Directions :: Wherever a picture sits, omit it. Output the rest of the listing exactly.

Given information ::
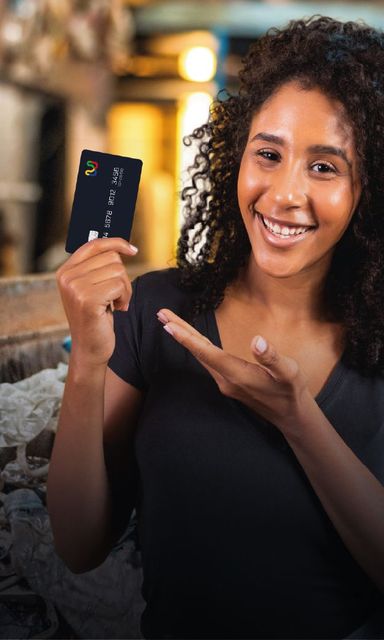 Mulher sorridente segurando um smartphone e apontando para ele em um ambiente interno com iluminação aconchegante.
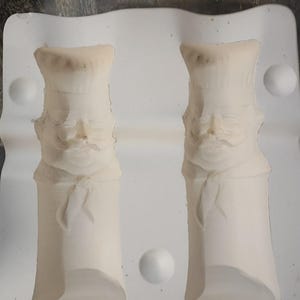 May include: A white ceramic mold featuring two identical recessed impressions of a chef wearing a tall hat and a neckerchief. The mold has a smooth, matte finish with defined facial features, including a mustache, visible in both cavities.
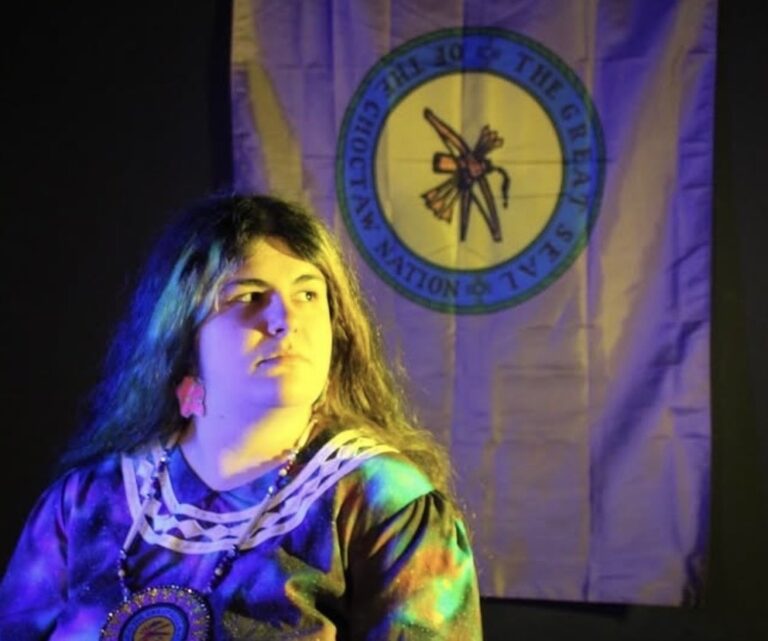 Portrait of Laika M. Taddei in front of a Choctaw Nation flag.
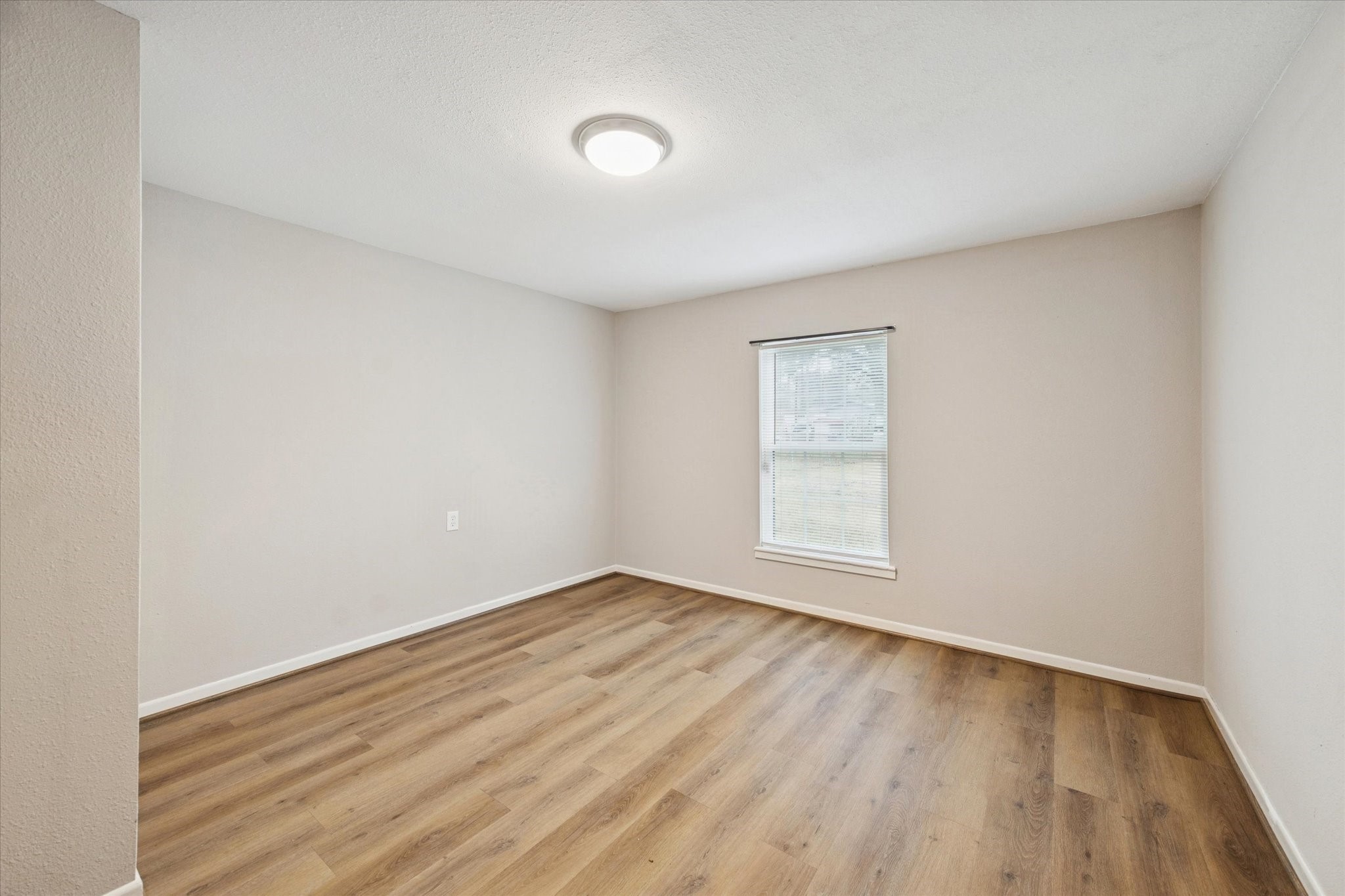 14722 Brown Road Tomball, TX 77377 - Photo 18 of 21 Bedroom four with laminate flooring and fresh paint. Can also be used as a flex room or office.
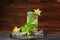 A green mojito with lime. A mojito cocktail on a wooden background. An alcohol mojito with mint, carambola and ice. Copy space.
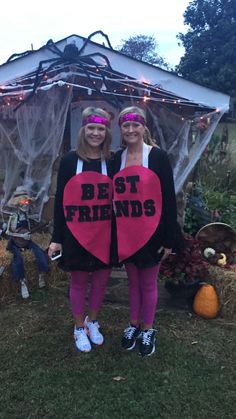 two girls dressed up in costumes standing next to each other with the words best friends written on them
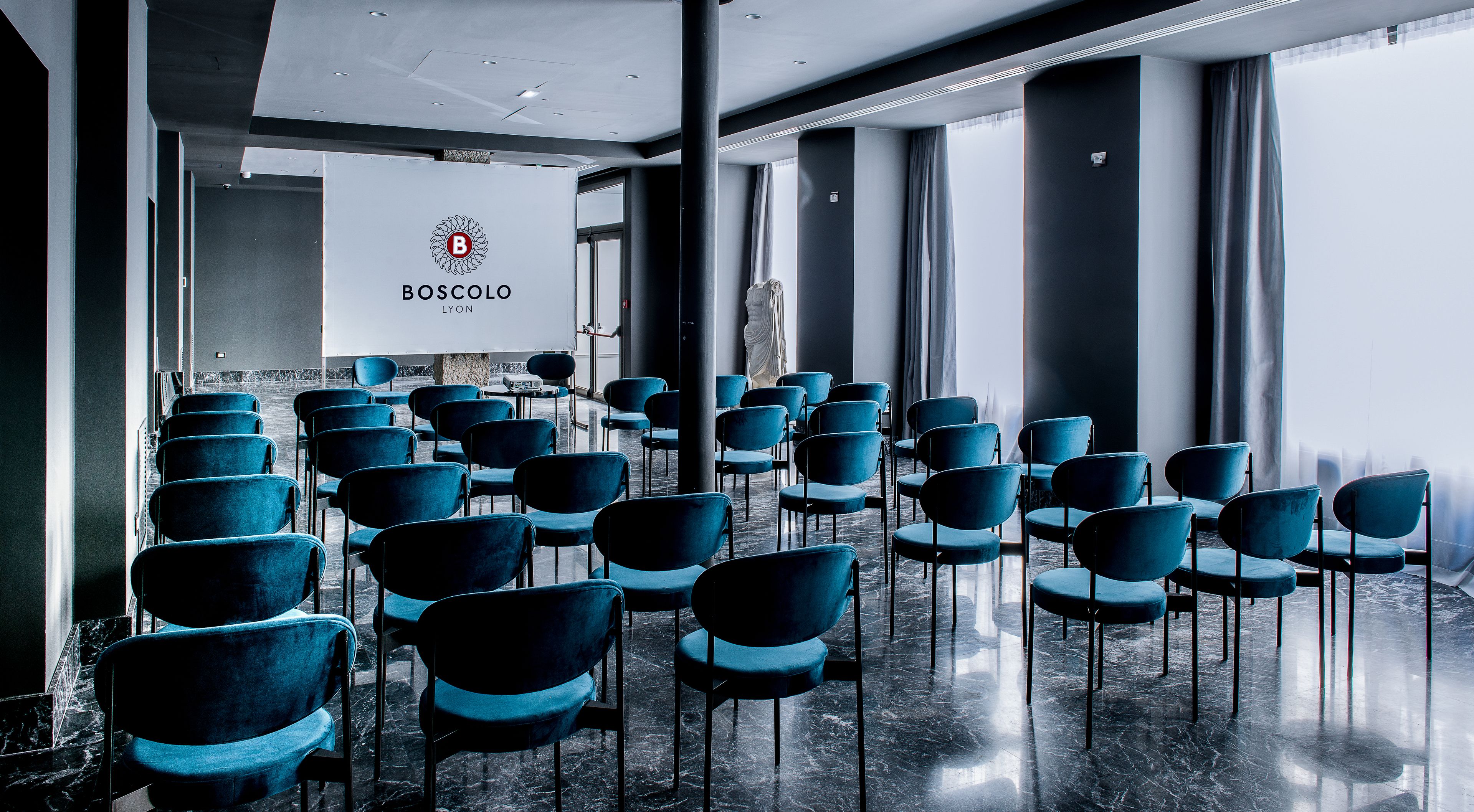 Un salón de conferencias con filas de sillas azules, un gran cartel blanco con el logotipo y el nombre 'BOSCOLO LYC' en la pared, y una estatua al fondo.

Final answer ::
 Mulher sorridente segurando um smartphone e apontando para ele em um ambiente interno com iluminação aconchegante.
 May include: A white ceramic mold featuring two identical recessed impressions of a chef wearing a tall hat and a neckerchief. The mold has a smooth, matte finish with defined facial features, including a mustache, visible in both cavities.
 Portrait of Laika M. Taddei in front of a Choctaw Nation flag.
 14722 Brown Road Tomball, TX 77377 - Photo 18 of 21 Bedroom four with laminate flooring and fresh paint. Can also be used as a flex room or office.
 A green mojito with lime. A mojito cocktail on a wooden background. An alcohol mojito with mint, carambola and ice. Copy space.
 two girls dressed up in costumes standing next to each other with the words best friends written on them
 Un salón de conferencias con filas de sillas azules, un gran cartel blanco con el logotipo y el nombre 'BOSCOLO LYC' en la pared, y una estatua al fondo.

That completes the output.